In September, Rusty Blackbirds begin the migration south from their breeding ground and arrive at the southernmost extent of their wintering range as early as November (Avery 1995, DeLeon 2012). Although their wintering distribution includes most of the southeastern United States, wintering Rusty Blackbirds are found in the highest numbers in the lower Mississippi Alluvial Valley and the southeastern Coastal Plain of the Carolinas and Georgia (Niven 2004, Hamel 2009).    Rusty Blackbirds forage on the ground in primarily wet areas including flooded woods, swamps, marshes, and at the edges of water (Avery 1995). Although traditionally thought to be forested wetland specialists, they also use wet roadside ditches, lawns in yards and parks, open pastures, agricultural fields, and pecan orchards for foraging (Avery 1995, Luscier et al. 2010, DeLeon 2012). Recent research has shown that Rusty Blackbirds may not be as specialized as previously thought, possibly due to more diverse winter foraging requirements (Luscier et al. 2010, DeLeon 2012).

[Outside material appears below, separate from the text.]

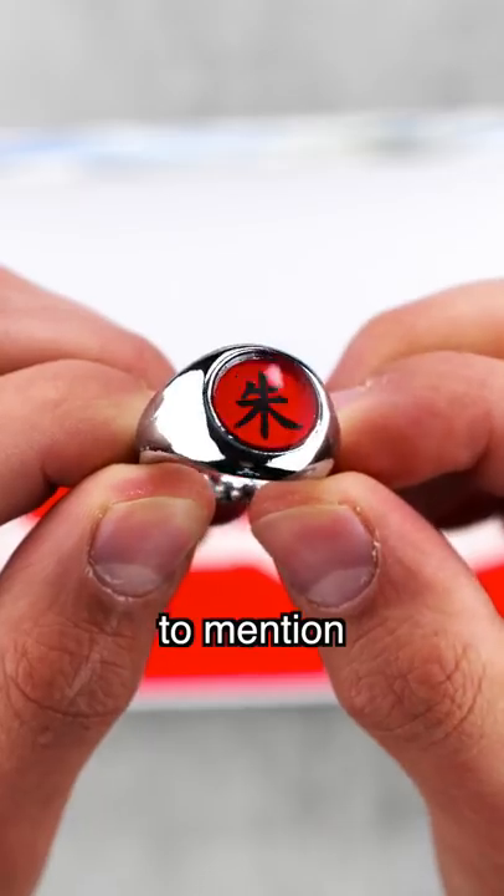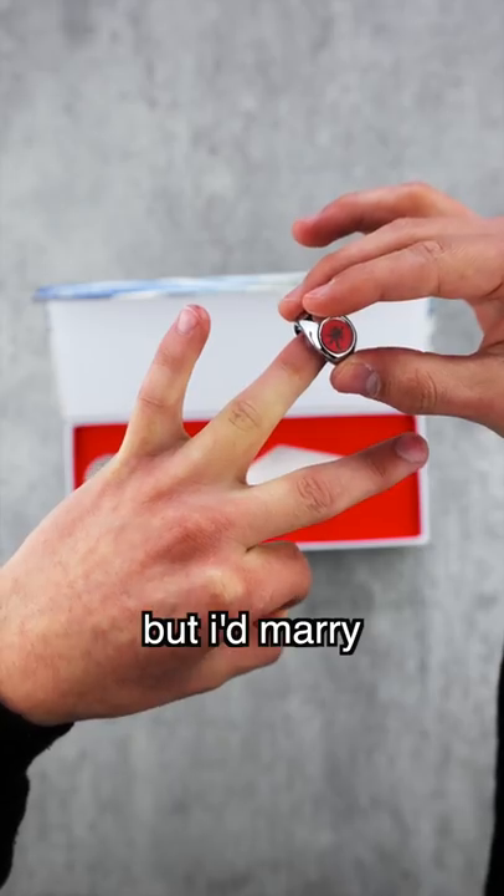Oh, and I almost forgot to mention, it comes with Itachi's ring. And I don't know about you, but I'd marry Itachi.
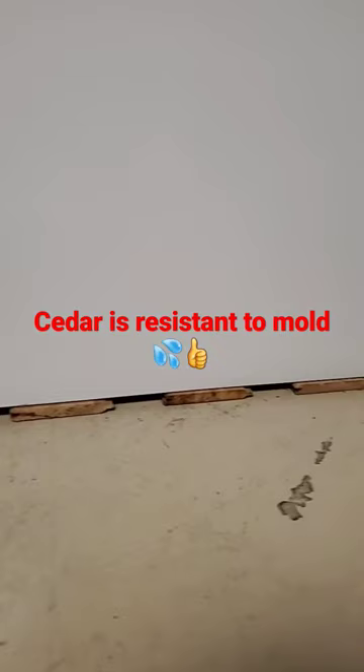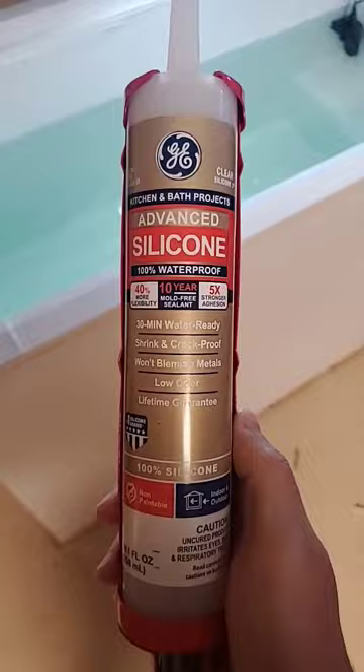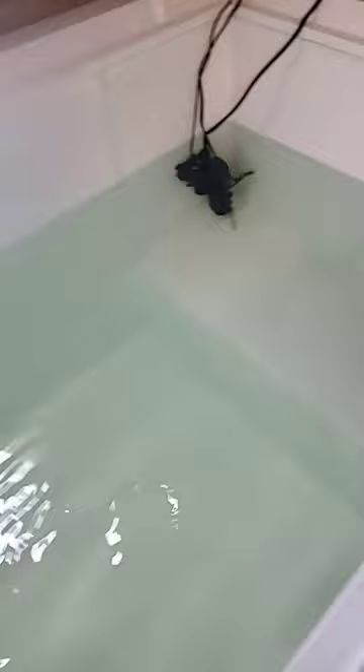I removed the legs and corner brackets from the bottom of the freezer and put cedar planks underneath to help distribute the load. I used GE Advanced Silicone to seal the seams. You should seal all seams and cracks inside the freezer to make it waterproof. This silicone bonds very well to the metal areas, which is exactly what you want.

During the winter Rusty Blackbirds frequently form small flocks, occasionally mixing with Common Grackles (Quiscalus quiscula), Red-winged Blackbirds (Agelaius phoeniceus), European Starlings (Sturnis vulgaris), and Brown-headed Cowbirds (Molothrus ater).
Although large flocks are rare, flocks with 100 or more Rusty Blackbirds are sometimes seen. They characteristically flip over wet leaves to find aquatic invertebrates such as insects, spiders, snails, and crawfish. Birds do not wade into deeper water and most frequently use ponded areas with high amounts of litter and shallow water no higher than their legs (Luscier et al. 2010, DeLeon 2012). They can occasionally be found foraging on wet lawns with other blackbirds and American Robins (Turdus migratorius). One of the best times to see them in residential areas is right after a rain, where they can be found pulling up earthworms and other invertebrates that have been forced to the surface of lawns. Seeds and berries make up a larger part of their diet while wintering and they have been observed feeding on acorn fragments and small-seeded acorns, such as those from the water oak (Quercus nigra). They often feed on pecans that have already been broken into manageable pieces, either by Common Grackles, squirrels, cars, or other machinery (Luscier et al. 2010, Patti Newell, unpublished data).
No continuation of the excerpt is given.